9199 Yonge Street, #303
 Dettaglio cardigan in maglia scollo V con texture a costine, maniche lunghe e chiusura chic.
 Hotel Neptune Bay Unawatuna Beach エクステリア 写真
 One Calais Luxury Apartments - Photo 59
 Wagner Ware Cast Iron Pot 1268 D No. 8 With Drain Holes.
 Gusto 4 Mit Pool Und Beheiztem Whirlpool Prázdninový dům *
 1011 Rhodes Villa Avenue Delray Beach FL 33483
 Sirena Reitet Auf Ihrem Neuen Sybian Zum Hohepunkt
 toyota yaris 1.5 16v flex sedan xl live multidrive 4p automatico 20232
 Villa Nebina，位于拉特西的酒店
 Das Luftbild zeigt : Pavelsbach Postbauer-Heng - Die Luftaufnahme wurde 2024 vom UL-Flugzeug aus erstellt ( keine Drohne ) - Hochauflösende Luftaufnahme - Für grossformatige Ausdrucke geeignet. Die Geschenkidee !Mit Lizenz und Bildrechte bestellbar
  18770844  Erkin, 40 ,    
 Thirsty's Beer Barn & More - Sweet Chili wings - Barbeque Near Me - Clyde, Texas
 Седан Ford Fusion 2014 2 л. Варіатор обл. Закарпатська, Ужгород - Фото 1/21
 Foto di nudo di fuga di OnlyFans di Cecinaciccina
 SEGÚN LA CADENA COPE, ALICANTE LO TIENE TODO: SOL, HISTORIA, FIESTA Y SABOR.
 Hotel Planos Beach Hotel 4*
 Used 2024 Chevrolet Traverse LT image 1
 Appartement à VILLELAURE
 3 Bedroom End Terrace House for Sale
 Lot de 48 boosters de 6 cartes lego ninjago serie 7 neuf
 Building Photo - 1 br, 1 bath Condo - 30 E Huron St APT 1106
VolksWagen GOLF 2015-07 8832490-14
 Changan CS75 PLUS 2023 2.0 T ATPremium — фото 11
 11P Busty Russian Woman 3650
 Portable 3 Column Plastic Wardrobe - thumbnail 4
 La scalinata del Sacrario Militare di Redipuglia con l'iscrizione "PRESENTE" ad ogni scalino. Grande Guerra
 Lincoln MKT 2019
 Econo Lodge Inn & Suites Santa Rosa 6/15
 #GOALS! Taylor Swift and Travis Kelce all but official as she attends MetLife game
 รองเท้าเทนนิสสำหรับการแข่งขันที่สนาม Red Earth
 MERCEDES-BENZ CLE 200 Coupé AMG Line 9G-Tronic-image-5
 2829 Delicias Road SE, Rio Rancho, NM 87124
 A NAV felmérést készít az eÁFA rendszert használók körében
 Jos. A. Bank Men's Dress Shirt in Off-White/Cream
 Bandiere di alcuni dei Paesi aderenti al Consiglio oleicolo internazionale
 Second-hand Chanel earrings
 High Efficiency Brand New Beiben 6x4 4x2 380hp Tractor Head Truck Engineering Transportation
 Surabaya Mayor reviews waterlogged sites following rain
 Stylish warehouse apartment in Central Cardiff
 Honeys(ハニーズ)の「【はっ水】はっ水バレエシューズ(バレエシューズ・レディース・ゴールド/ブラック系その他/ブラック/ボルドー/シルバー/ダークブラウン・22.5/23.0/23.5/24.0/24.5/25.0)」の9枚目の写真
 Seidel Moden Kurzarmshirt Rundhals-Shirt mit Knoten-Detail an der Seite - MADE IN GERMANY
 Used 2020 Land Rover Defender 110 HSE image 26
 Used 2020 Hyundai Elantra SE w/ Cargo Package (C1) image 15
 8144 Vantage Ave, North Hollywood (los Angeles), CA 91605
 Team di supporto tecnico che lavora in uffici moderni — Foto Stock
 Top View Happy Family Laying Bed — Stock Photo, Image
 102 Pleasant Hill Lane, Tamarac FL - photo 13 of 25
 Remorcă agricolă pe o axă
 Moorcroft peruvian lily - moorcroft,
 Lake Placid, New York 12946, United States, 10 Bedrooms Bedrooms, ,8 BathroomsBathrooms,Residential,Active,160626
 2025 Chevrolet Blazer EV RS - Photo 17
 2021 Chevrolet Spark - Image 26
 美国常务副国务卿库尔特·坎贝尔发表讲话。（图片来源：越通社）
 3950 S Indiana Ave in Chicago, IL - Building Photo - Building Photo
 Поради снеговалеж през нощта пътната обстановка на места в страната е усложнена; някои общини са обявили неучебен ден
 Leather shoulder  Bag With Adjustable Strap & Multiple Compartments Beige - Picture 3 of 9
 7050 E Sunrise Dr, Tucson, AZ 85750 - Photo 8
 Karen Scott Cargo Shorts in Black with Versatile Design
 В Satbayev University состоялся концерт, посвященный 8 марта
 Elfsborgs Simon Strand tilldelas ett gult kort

- YOUR INSTRUCTIONS
Set down every record above, word for word.

- WRITTEN SOLUTION
9199 Yonge Street, #303
 Dettaglio cardigan in maglia scollo V con texture a costine, maniche lunghe e chiusura chic.
 Hotel Neptune Bay Unawatuna Beach エクステリア 写真
 One Calais Luxury Apartments - Photo 59
 Wagner Ware Cast Iron Pot 1268 D No. 8 With Drain Holes.
 Gusto 4 Mit Pool Und Beheiztem Whirlpool Prázdninový dům *
 1011 Rhodes Villa Avenue Delray Beach FL 33483
 Sirena Reitet Auf Ihrem Neuen Sybian Zum Hohepunkt
 toyota yaris 1.5 16v flex sedan xl live multidrive 4p automatico 20232
 Villa Nebina，位于拉特西的酒店
 Das Luftbild zeigt : Pavelsbach Postbauer-Heng - Die Luftaufnahme wurde 2024 vom UL-Flugzeug aus erstellt ( keine Drohne ) - Hochauflösende Luftaufnahme - Für grossformatige Ausdrucke geeignet. Die Geschenkidee !Mit Lizenz und Bildrechte bestellbar
  18770844  Erkin, 40 ,    
 Thirsty's Beer Barn & More - Sweet Chili wings - Barbeque Near Me - Clyde, Texas
 Седан Ford Fusion 2014 2 л. Варіатор обл. Закарпатська, Ужгород - Фото 1/21
 Foto di nudo di fuga di OnlyFans di Cecinaciccina
 SEGÚN LA CADENA COPE, ALICANTE LO TIENE TODO: SOL, HISTORIA, FIESTA Y SABOR.
 Hotel Planos Beach Hotel 4*
 Used 2024 Chevrolet Traverse LT image 1
 Appartement à VILLELAURE
 3 Bedroom End Terrace House for Sale
 Lot de 48 boosters de 6 cartes lego ninjago serie 7 neuf
 Building Photo - 1 br, 1 bath Condo - 30 E Huron St APT 1106
VolksWagen GOLF 2015-07 8832490-14
 Changan CS75 PLUS 2023 2.0 T ATPremium — фото 11
 11P Busty Russian Woman 3650
 Portable 3 Column Plastic Wardrobe - thumbnail 4
 La scalinata del Sacrario Militare di Redipuglia con l'iscrizione "PRESENTE" ad ogni scalino. Grande Guerra
 Lincoln MKT 2019
 Econo Lodge Inn & Suites Santa Rosa 6/15
 #GOALS! Taylor Swift and Travis Kelce all but official as she attends MetLife game
 รองเท้าเทนนิสสำหรับการแข่งขันที่สนาม Red Earth
 MERCEDES-BENZ CLE 200 Coupé AMG Line 9G-Tronic-image-5
 2829 Delicias Road SE, Rio Rancho, NM 87124
 A NAV felmérést készít az eÁFA rendszert használók körében
 Jos. A. Bank Men's Dress Shirt in Off-White/Cream
 Bandiere di alcuni dei Paesi aderenti al Consiglio oleicolo internazionale
 Second-hand Chanel earrings
 High Efficiency Brand New Beiben 6x4 4x2 380hp Tractor Head Truck Engineering Transportation
 Surabaya Mayor reviews waterlogged sites following rain
 Stylish warehouse apartment in Central Cardiff
 Honeys(ハニーズ)の「【はっ水】はっ水バレエシューズ(バレエシューズ・レディース・ゴールド/ブラック系その他/ブラック/ボルドー/シルバー/ダークブラウン・22.5/23.0/23.5/24.0/24.5/25.0)」の9枚目の写真
 Seidel Moden Kurzarmshirt Rundhals-Shirt mit Knoten-Detail an der Seite - MADE IN GERMANY
 Used 2020 Land Rover Defender 110 HSE image 26
 Used 2020 Hyundai Elantra SE w/ Cargo Package (C1) image 15
 8144 Vantage Ave, North Hollywood (los Angeles), CA 91605
 Team di supporto tecnico che lavora in uffici moderni — Foto Stock
 Top View Happy Family Laying Bed — Stock Photo, Image
 102 Pleasant Hill Lane, Tamarac FL - photo 13 of 25
 Remorcă agricolă pe o axă
 Moorcroft peruvian lily - moorcroft,
 Lake Placid, New York 12946, United States, 10 Bedrooms Bedrooms, ,8 BathroomsBathrooms,Residential,Active,160626
 2025 Chevrolet Blazer EV RS - Photo 17
 2021 Chevrolet Spark - Image 26
 美国常务副国务卿库尔特·坎贝尔发表讲话。（图片来源：越通社）
 3950 S Indiana Ave in Chicago, IL - Building Photo - Building Photo
 Поради снеговалеж през нощта пътната обстановка на места в страната е усложнена; някои общини са обявили неучебен ден
 Leather shoulder  Bag With Adjustable Strap & Multiple Compartments Beige - Picture 3 of 9
 7050 E Sunrise Dr, Tucson, AZ 85750 - Photo 8
 Karen Scott Cargo Shorts in Black with Versatile Design
 В Satbayev University состоялся концерт, посвященный 8 марта
 Elfsborgs Simon Strand tilldelas ett gult kort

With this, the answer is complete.